He concluded that, if the images he analyzed were truly reflective of how Da Vinci looked, that the great artist had a mild case of exotropia.

How would this have helped him paint?

Shira Robbins, a professor of ophthalmology at the University of California at San Diego, who was not involved with the project, explained to The Washington Post how individuals with exotropia often turn to additional information to help understand the world around them:

"What happens in some people is when they're only using one eye . . . they develop other cues besides traditional depth perception to understand where things are in space, looking at color and shadow in a way that most of us who use both eyes at a time don't really appreciate."

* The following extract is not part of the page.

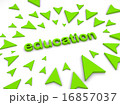 Green arrow pointing the importance of education 16857037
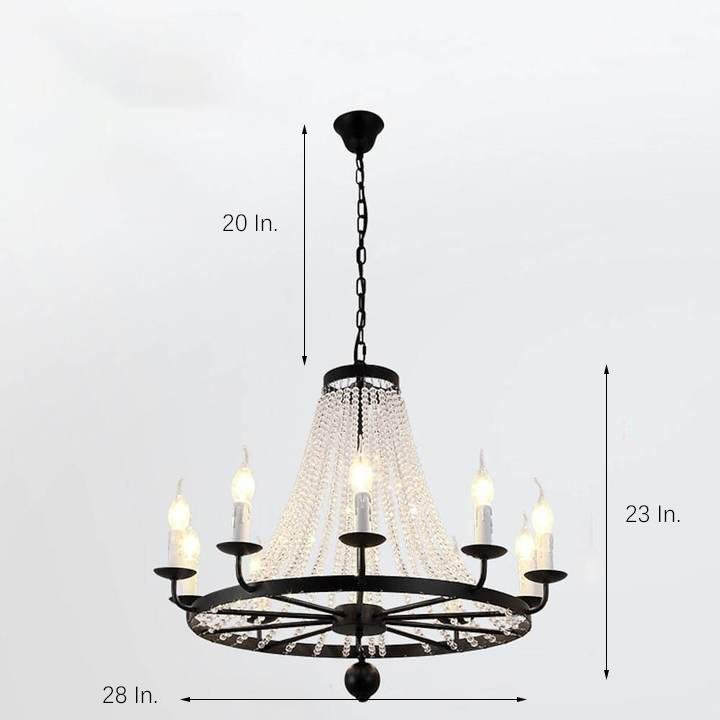 Empire Wagon Wheel Chandelier - 8/10/12 Candle Lights,  20'' Adjustable Chain, Crystal Accents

Dr. Robbins agrees that, if the artworks analyzed accurately depict Da Vinci, then he probably had exotropia.

If Da Vinci did have a mild form of the condition, which would allow him to focus with both eyes when concentrating and with one when relaxed, Tyler asserts that the famed artist could have viewed the world in two or three dimensions at will, showing him the world exactly as he would need to recreate it on a flat surface. Quite the superpower for an artist.

Does this mean Da Vinci would have been a hack if he had normal eyesight?

Christopher Tyler

​A graph showing the difference in where each eye is focused for each painting, drawing, and statue used in the study. The larger the difference, the more pronounced the exotropia is in the image. 

Not at all. What Dr. Tyler is suggesting is that the tendency of people who have exotropia to rely on using one eye to see the world and thereby lose some depth perception allowed Da Vinci to understand better how the three-dimensional objects in the world could be translated into a two-dimensional image on a canvas. This could account for some of Da Vinci's skill in depicting shadow and subtle changes in color, since he would have relied on these details to understand the world.

His polymathic brilliance extended far beyond art, and nobody is claiming that his ideas for flying machines, tanks, or other inventions were at all influenced by a vision problem.

How can we know this? He has been dead for five hundred years.

There are reasons to be cautious anytime we make claims about people who are long dead. In this case, we have the bonus problem that we aren't 100 percent sure that the images used are supposed to look like Da Vinci.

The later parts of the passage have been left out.